- _Activity_
Word for word, repeat the data that follows. Do not include the pictures.

··· Data for this exercise

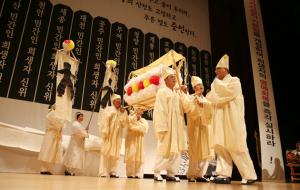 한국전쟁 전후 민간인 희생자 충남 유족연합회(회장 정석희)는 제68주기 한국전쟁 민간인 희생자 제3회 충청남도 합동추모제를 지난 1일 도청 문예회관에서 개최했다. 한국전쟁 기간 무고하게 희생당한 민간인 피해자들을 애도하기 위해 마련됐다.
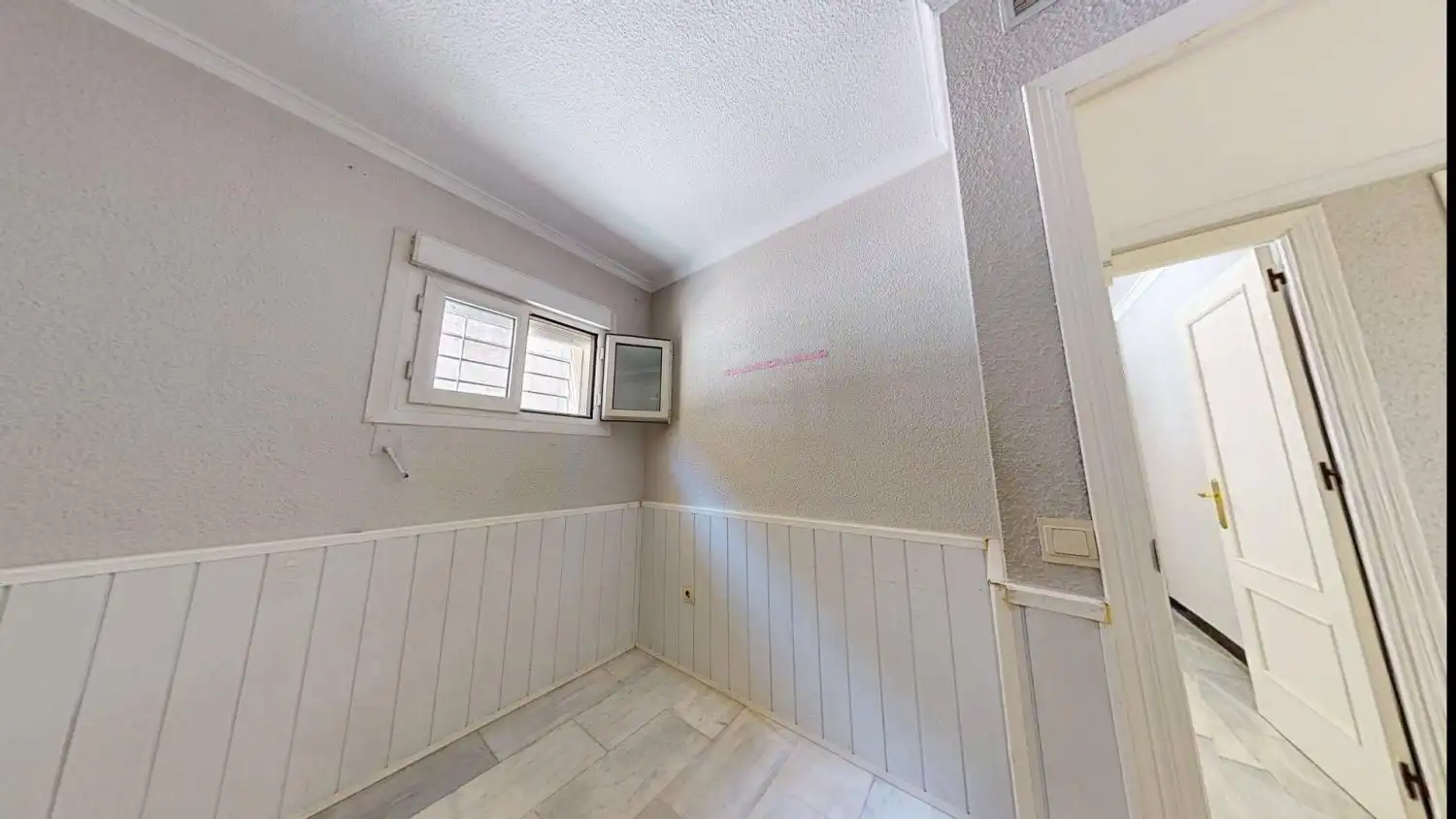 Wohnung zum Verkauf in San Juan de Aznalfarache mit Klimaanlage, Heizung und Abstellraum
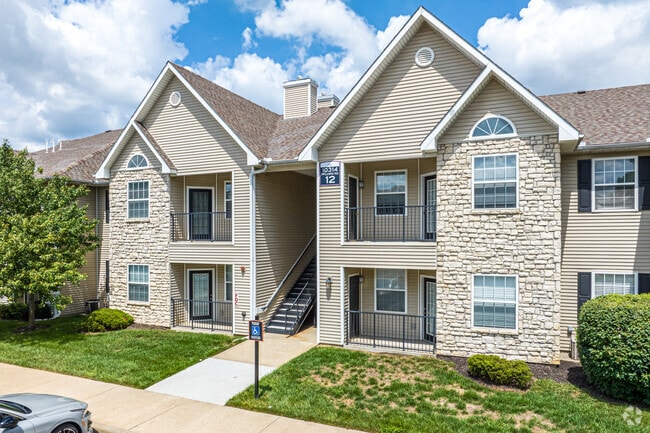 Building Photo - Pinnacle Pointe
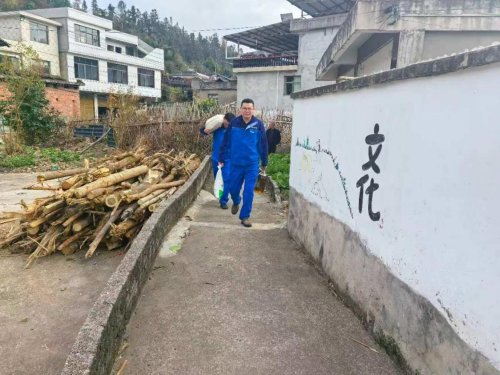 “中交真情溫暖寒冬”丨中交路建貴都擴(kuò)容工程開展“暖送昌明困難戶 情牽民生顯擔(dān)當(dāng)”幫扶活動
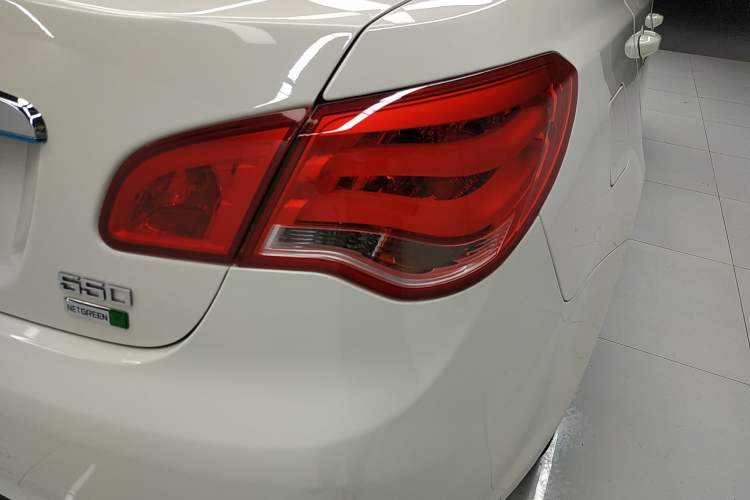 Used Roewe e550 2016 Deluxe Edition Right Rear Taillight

······

- _Reply_
 한국전쟁 전후 민간인 희생자 충남 유족연합회(회장 정석희)는 제68주기 한국전쟁 민간인 희생자 제3회 충청남도 합동추모제를 지난 1일 도청 문예회관에서 개최했다. 한국전쟁 기간 무고하게 희생당한 민간인 피해자들을 애도하기 위해 마련됐다.
 Wohnung zum Verkauf in San Juan de Aznalfarache mit Klimaanlage, Heizung und Abstellraum
 Building Photo - Pinnacle Pointe
 “中交真情溫暖寒冬”丨中交路建貴都擴(kuò)容工程開展“暖送昌明困難戶 情牽民生顯擔(dān)當(dāng)”幫扶活動
 Used Roewe e550 2016 Deluxe Edition Right Rear Taillight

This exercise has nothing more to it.